* Work item: Of all the lines in the entries below, give again exactly those starting at the line containing "Cam Kesme Tahtası" and ending at the line containing "gemsmore:Amazing Multicolor Fluorite", both ends included, and no others.

* Given data:
◇ ◇ ◇ ◇ ◇
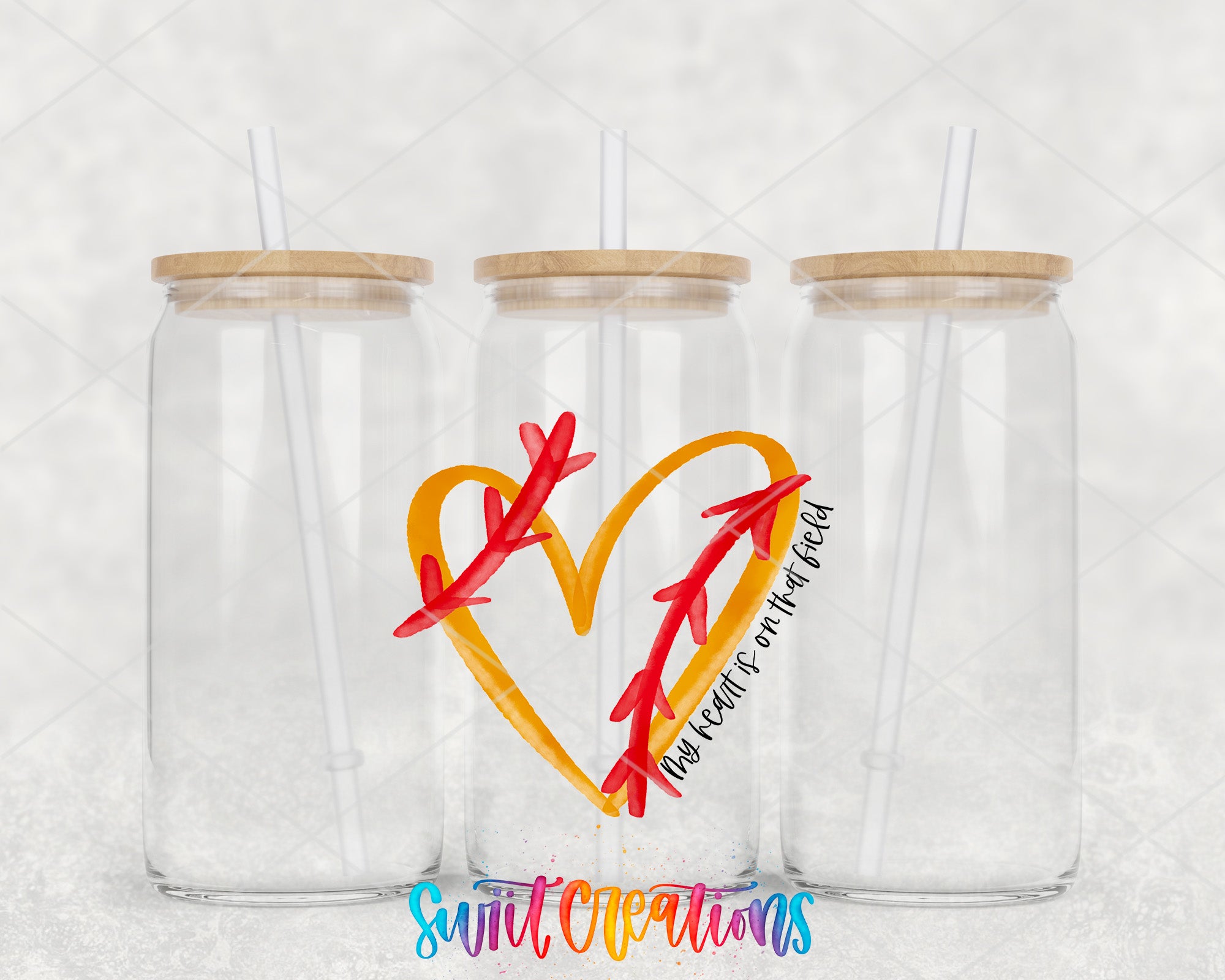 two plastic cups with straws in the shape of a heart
◇ ◇ ◇ ◇ ◇
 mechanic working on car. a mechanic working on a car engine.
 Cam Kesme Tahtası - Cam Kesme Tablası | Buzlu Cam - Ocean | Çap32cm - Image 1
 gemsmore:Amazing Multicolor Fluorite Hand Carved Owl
◇ ◇ ◇ ◇ ◇
* Solution to the problem:
 Cam Kesme Tahtası - Cam Kesme Tablası | Buzlu Cam - Ocean | Çap32cm - Image 1
 gemsmore:Amazing Multicolor Fluorite Hand Carved Owl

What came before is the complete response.